- Exercise:
Quote exactly, and only, the lines from the one containing "Dolce & Gabbana" through the end of the material below. Skip pictures.

- Extracted information:

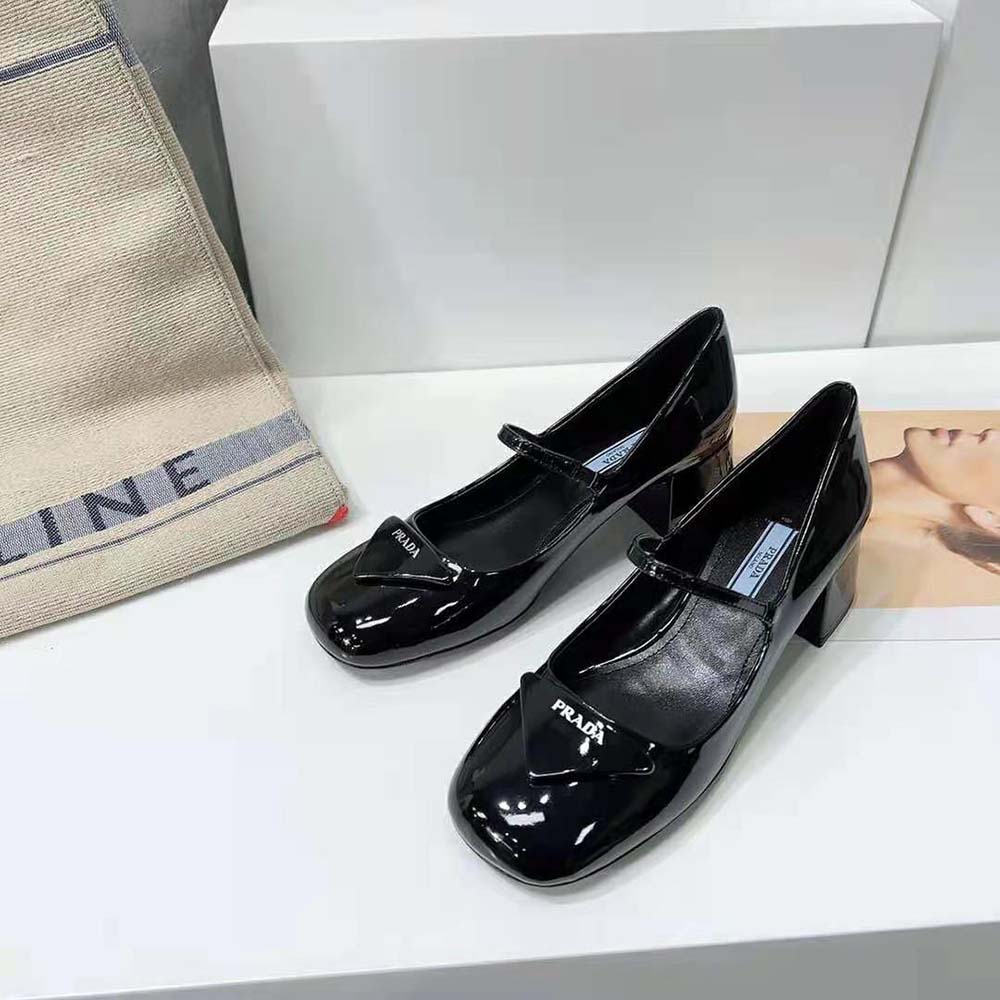 Prada Women Patent Leather Pumps in 45mm Heel Height-Black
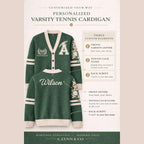 Personalized varsity tennis cardigan in green with custom letter, club name, and floral sleeve design.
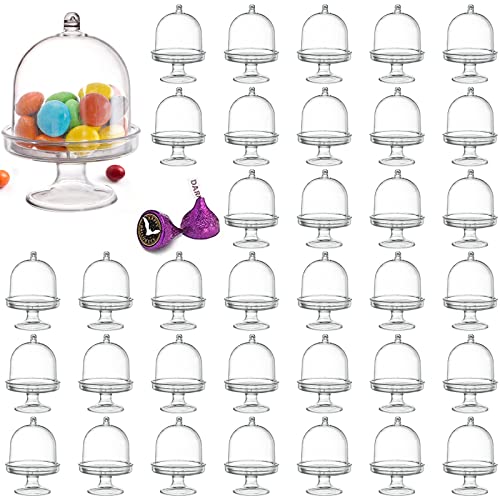 Okllen 36 Pack Mini Cake Plate with Lid, Plastic Cupcake Stand Dome Cover, Clear Small Cake Display Stand for Chocolate, Dessert, Wedding, Birthday, Baby Shower, Tea Party Supplies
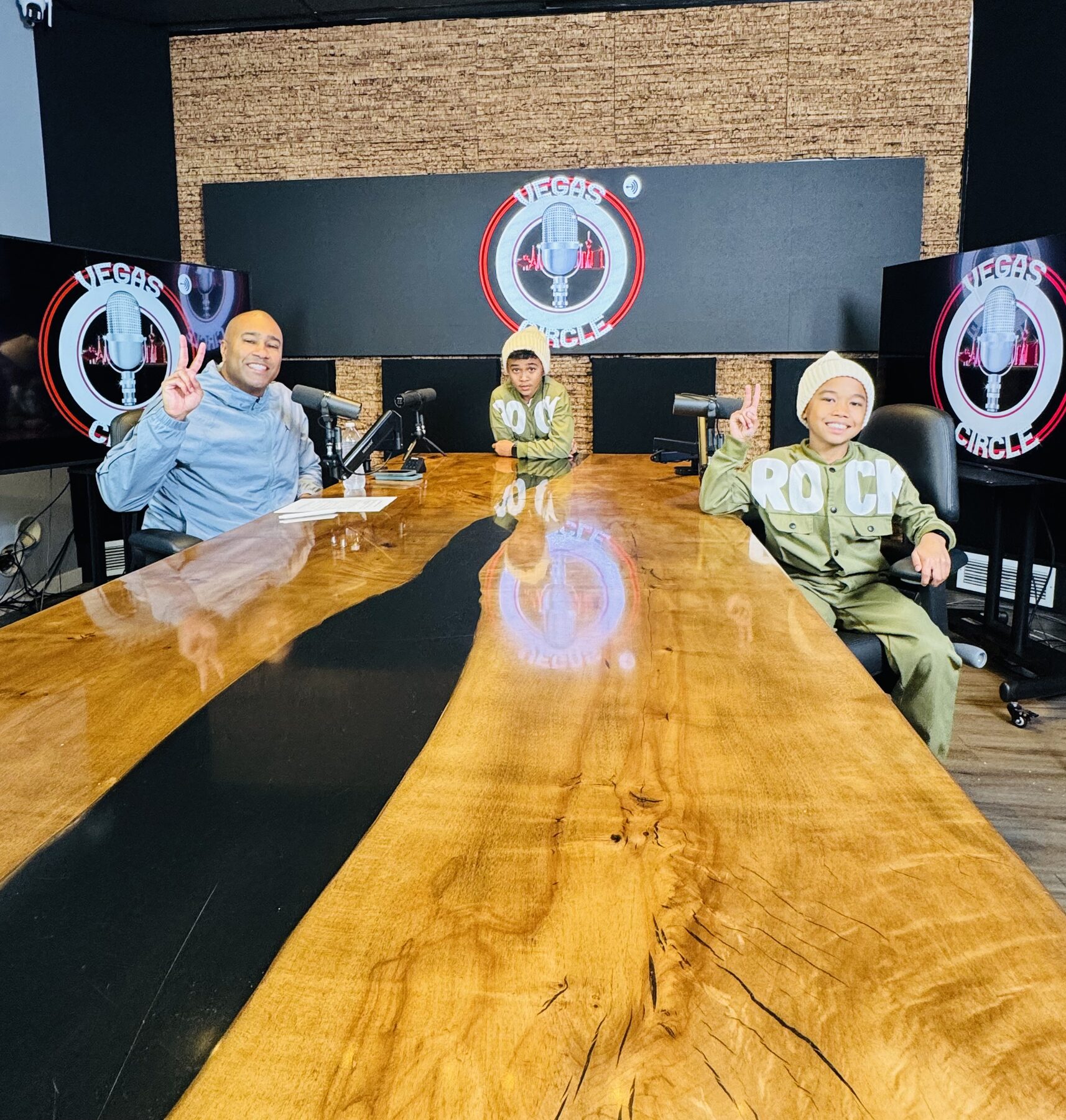 Paki Phillips' sons at the Vegas Circle podcast table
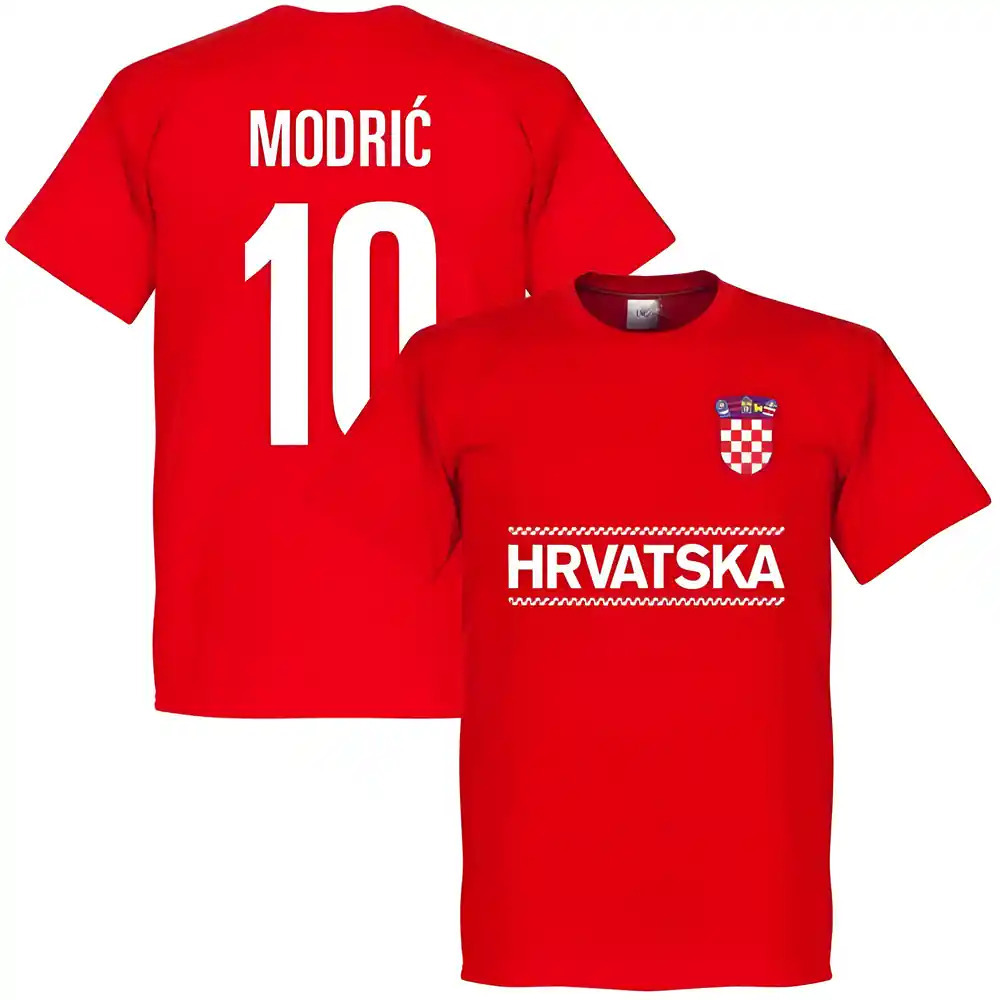 Croatia Luka Modric 10 Team T-Shirt - Polyester Made By: Soccer Tees Men's Red 4XL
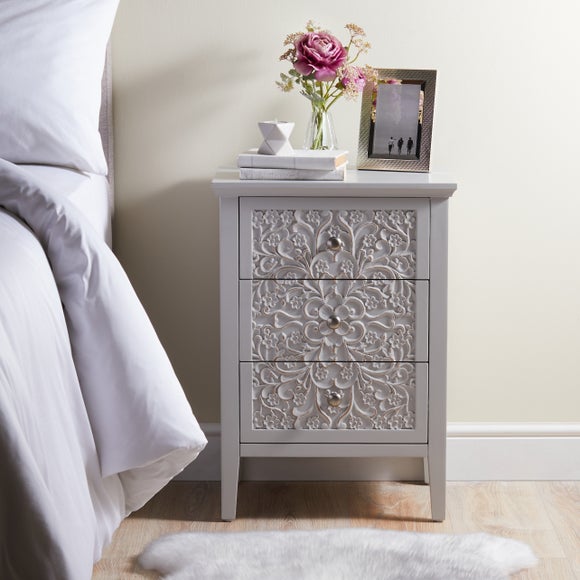 silver grey bedside tables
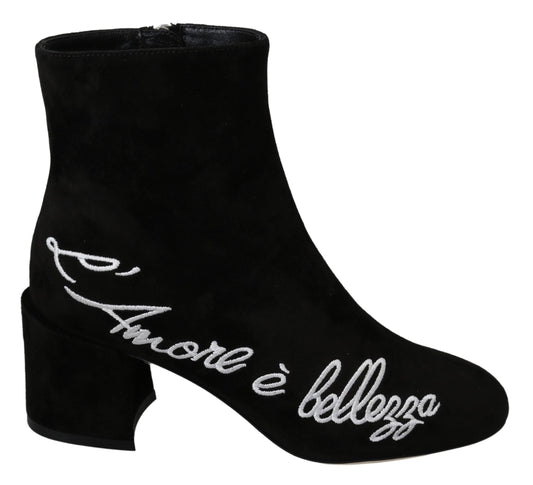 Dolce & Gabbana Black Suede L'Amore E'Bellezza Boots Women's Shoes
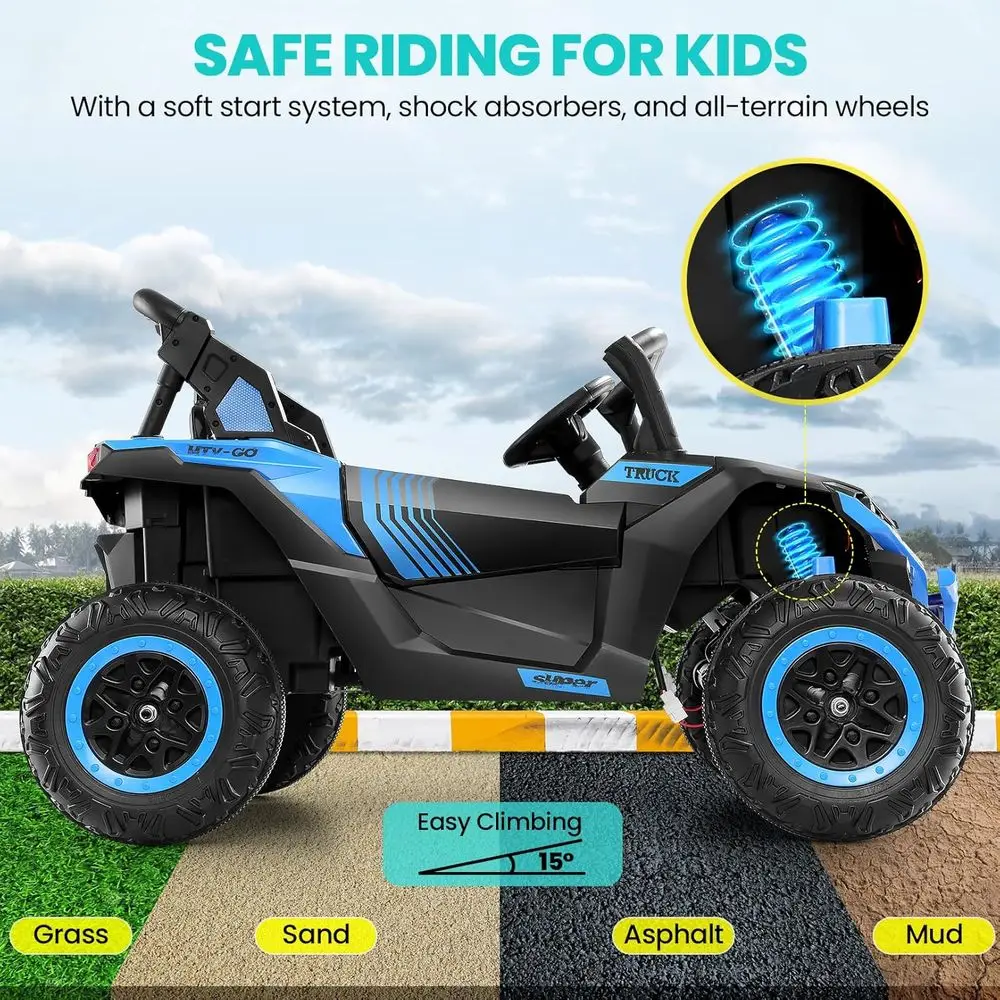 24V Ride on Toys Kids UTV, XXL Design, 4WD Two Seater Ride on Cars for Kids with Remote, Steering Wheels, Music&Horn,Blue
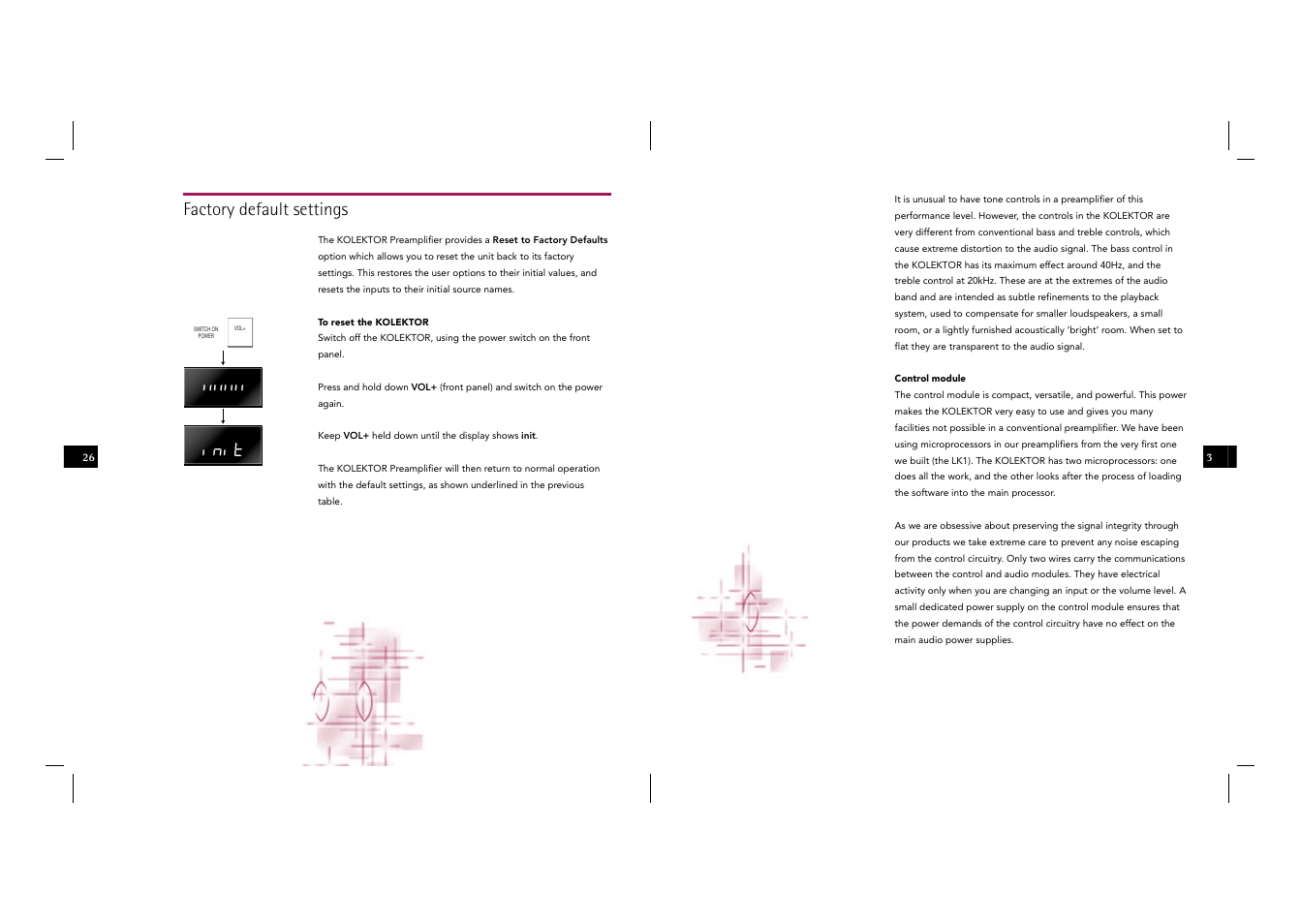 Factory default settings, Init | Linn Kolektor User Manual | Page 36 / 48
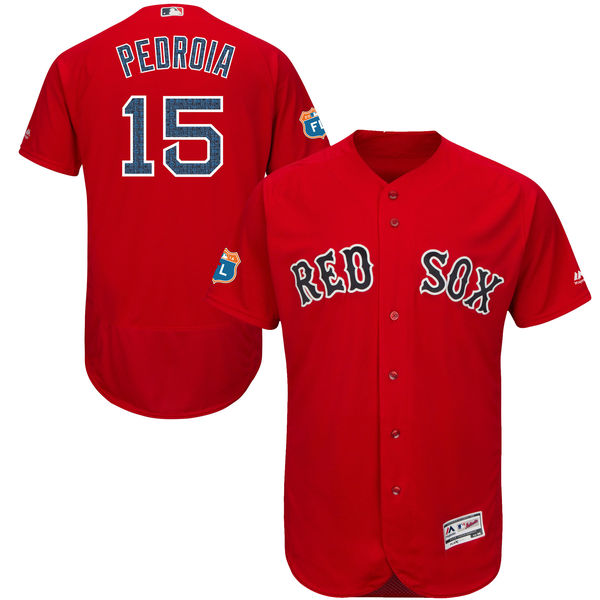 Boston Red Sox #15 Dustin Pedroia Scarlet Authentic Collection On-Field Spring Training Player Jersey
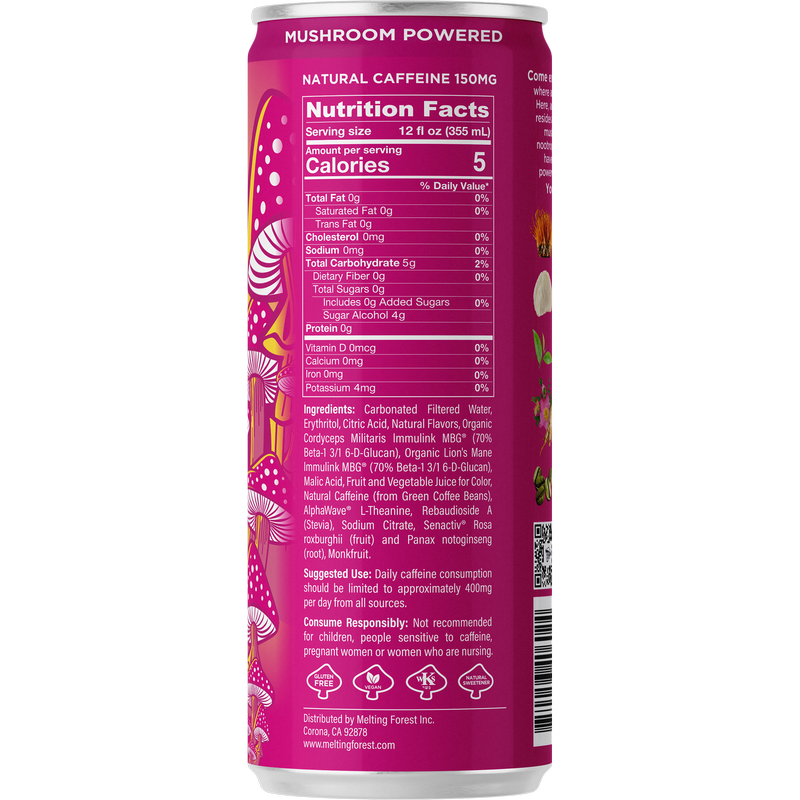 Melting Forest Strawberry Lemonade Mushroom Energy 12oz Can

- Result for this exercise:
 Dolce & Gabbana Black Suede L'Amore E'Bellezza Boots Women's Shoes
 24V Ride on Toys Kids UTV, XXL Design, 4WD Two Seater Ride on Cars for Kids with Remote, Steering Wheels, Music&Horn,Blue
 Factory default settings, Init | Linn Kolektor User Manual | Page 36 / 48
 Boston Red Sox #15 Dustin Pedroia Scarlet Authentic Collection On-Field Spring Training Player Jersey
 Melting Forest Strawberry Lemonade Mushroom Energy 12oz Can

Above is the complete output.